### Task statement
Please reproduce the data exactly, though every picture must stay out.

### Supplied material
++++++
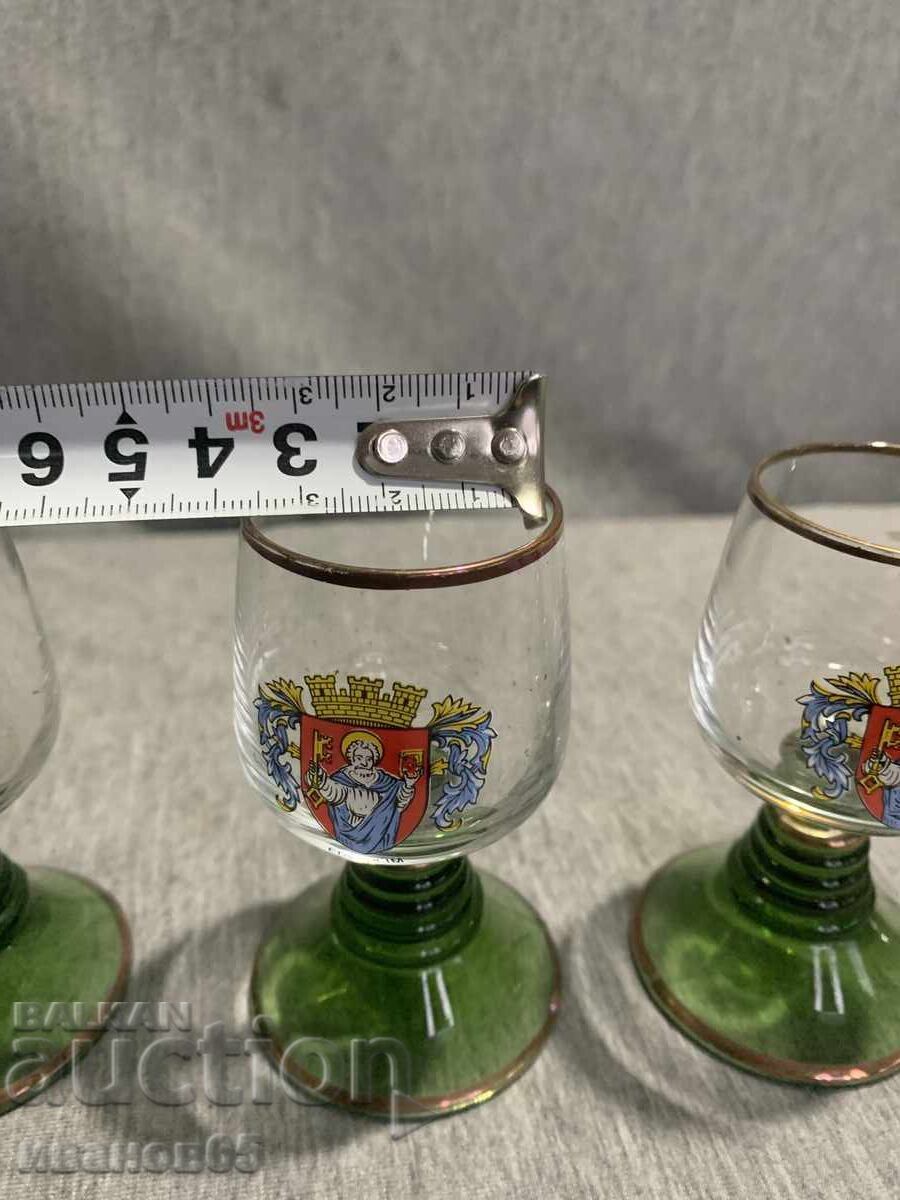 Set of German cups - 6 Set of German cups - 6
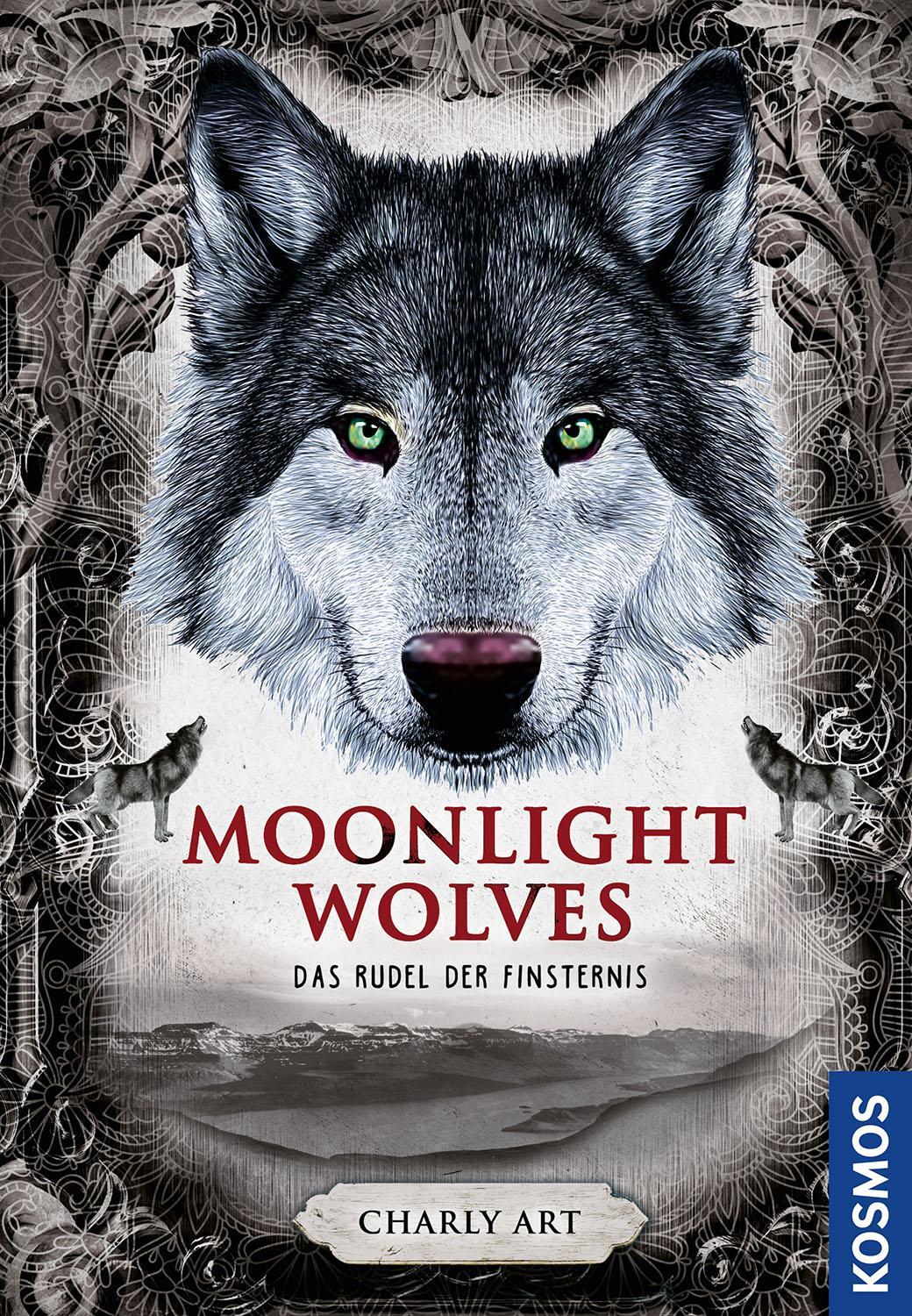 Cover: 9783440170564 | Moonlight wolves, Das Rudel der Finsternis | Charly Art | Buch | 2020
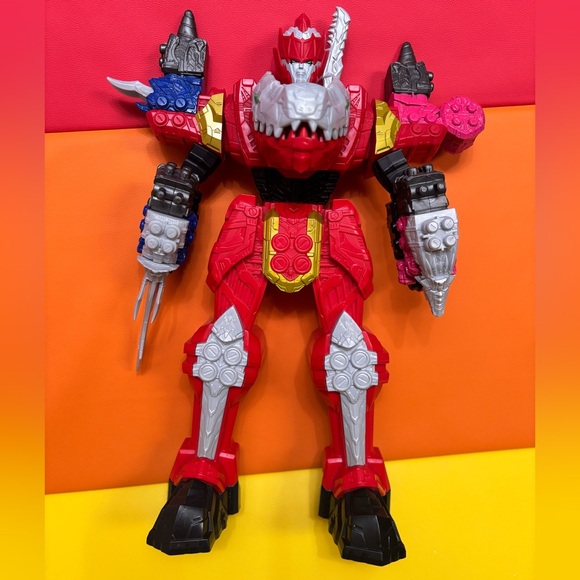 Power‎ Rangers Dino Fury Megazord 19.5-inch Action Figure - Picture 1 of 4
++++++
### Task response
 Set of German cups - 6 Set of German cups - 6
 Cover: 9783440170564 | Moonlight wolves, Das Rudel der Finsternis | Charly Art | Buch | 2020
 Power‎ Rangers Dino Fury Megazord 19.5-inch Action Figure - Picture 1 of 4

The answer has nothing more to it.